Practical Platform Engineering in 5 Lunches is a blog post series that walks you through building a hands-on Internal Developer Platform (IDP) with Octopus Deploy.
These blog posts can be completed during your lunch break, with each post taking about 30 minutes. Notably, you don’t need any passwords or any other platforms beyond a free trial instance of Octopus.
By the end of the series, you’ll have a fully functional IDP that you can use as a reference for building your own Platform Engineering solutions.
In this introductory post, we’ll set up the basic prerequisites and introduce some of the core concepts we’ll use throughout the series.
Getting an Octopus instance
Sign up for a free trial of Octopus Cloud at https://octopus.com/start. The cloud-hosted version of Octopus is the easiest way to get started, as it doesn’t require any additional configuration to work with the Octopus AI Assistant.

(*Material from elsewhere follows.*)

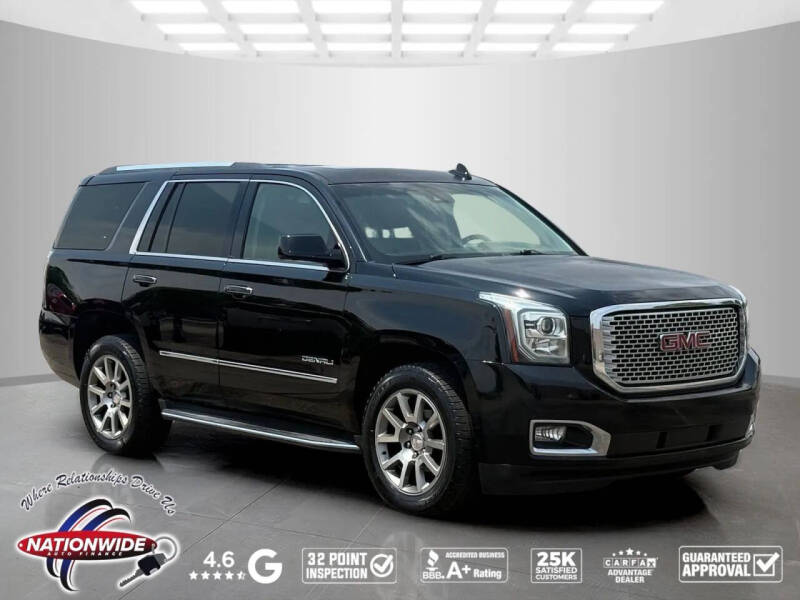 2015 GMC Yukon Denali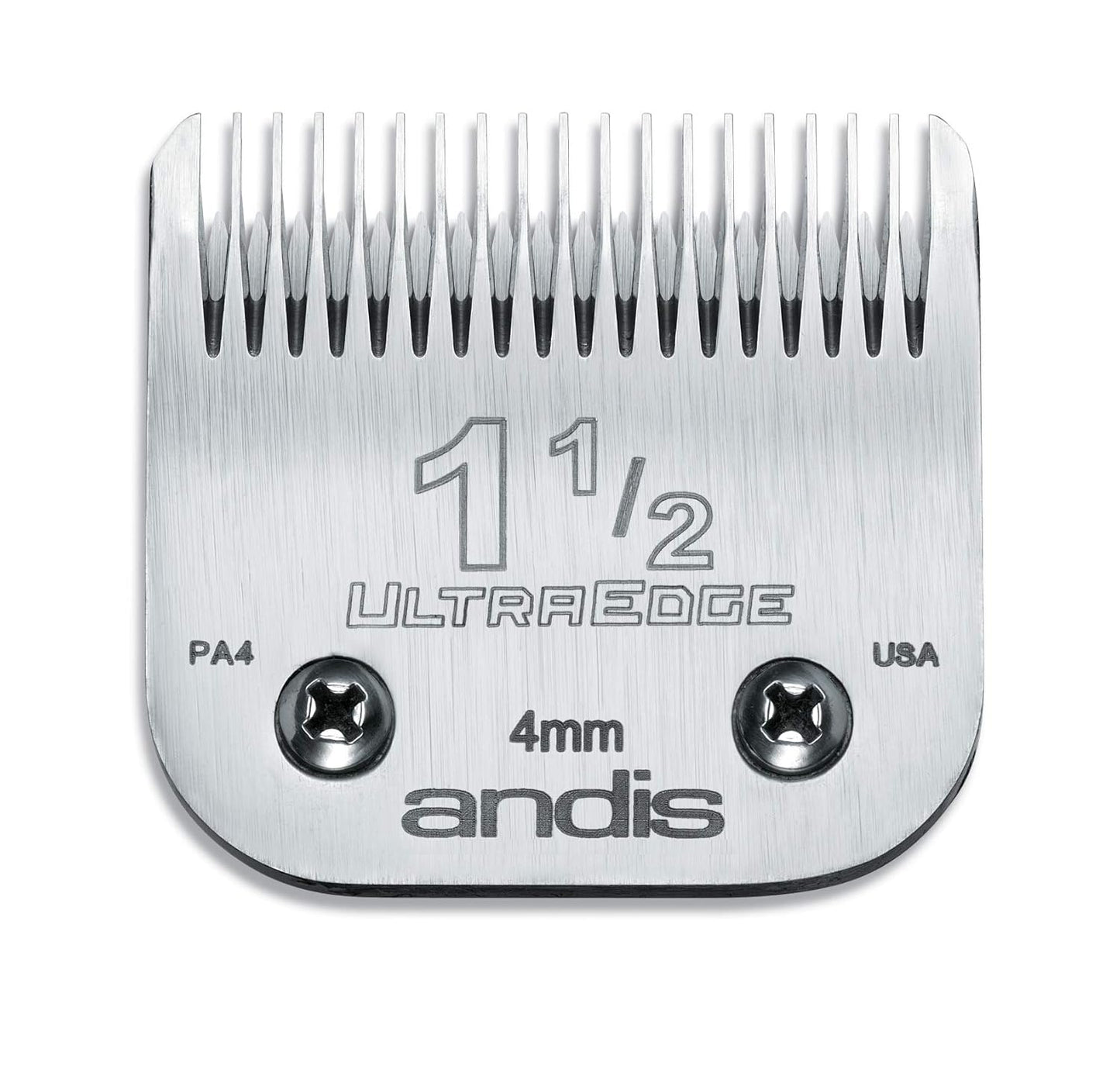 Andis Ultra Edge Carbon-Infused Steel Clipper Blade for Grooming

Then install the Octopus AI Assistant Chrome extension from the Chrome Web Store.
Defining common terms
We’ll need a common language to discuss the concepts we’ll use throughout the series.
What is DevOps?
This is perhaps a controversial opinion, but DevOps has lost its meaning. Any term that becomes the target of Search Engine Optimization (SEO) ceases to be a useful term. DevOps is unfalsifiable - literally any practice, tool, or process used by technical teams can be labelled as DevOps.
So I’ll use DevOps as a broad term referring to teams and processes that work with technology.
What is Platform Engineering?
Platform Engineering is the practice of scaling architectural decisions.
That’s it.
I like this definition of architecture from “Objects, Components, and Frameworks With UML: The Catalysis Approach” by Desmond D’Souza and Alan Wills, which defines “architecture” as:
The set of design decisions about any system (or smaller component) that keeps its implementors and maintainers from exercising needless creativity.
More simply, Platform Engineering provides common solutions to common problems so your teams can focus on solving valuable problems.
What is an Internal Developer Platform (IDP)?
An Internal Developer Platform (IDP) comprises the tools, systems, and processes you use to distribute and maintain architectural decisions.
That’s it.
It can be a wiki, a set of scripts in a shared repository, or a fully fledged self-service portal. The specific implementation doesn’t matter, as long as it provides a way to share and maintain architectural decisions.
We’ll use Octopus as a repository for architectural decisions that can be updated and distributed to DevOps teams.
How does Platform Engineering relate to CI/CD?
Continuous Integration and Continuous Delivery (CI/CD) focuses on delivering software to consumers. Platform Engineering streamlines CI/CD processes by providing a common set of tools and processes for building, testing, and deploying software. This allows teams to focus on delivering value to customers rather than building and maintaining every aspect of their CI/CD pipelines.
How does Octopus support Platform Engineering?
Octopus provides Platform Hub, which is an opinionated solution for defining, maintaining, and distributing shared processes and policies to support the delivery and maintenance of software.
Platform Hub is based on Git and uses Git based workflows to enable the development, testing, and approval of changes to shared processes and policies.
Platform Hub resources are versioned using SemVer and distributed to consumers in accordance with the semantic meanings of major, minor, and patch versions. Consumers can choose to automatically consume the latest version of a resource or manually update to new versions when they are released.
These features allow Platform Hub to define a set of architectural decisions (in the form of process templates and policies) that are maintained and distributed to consumers at scale.
What just happened?
At the end of this post, you have:
- Created a trial Octopus instance and installed the Octopus AI Assistant Chrome extension.
- Learned the basic concepts of DevOps, Platform Engineering, and Internal Developer Platforms (IDPs).
- Learned the relationship between Platform Engineering and CI/CD.
What’s next?
You are 20% done with the series. You now have a trial instance of Octopus, the AI Assistant Chrome extension, and an understanding of the core concepts we’ll be using throughout the series.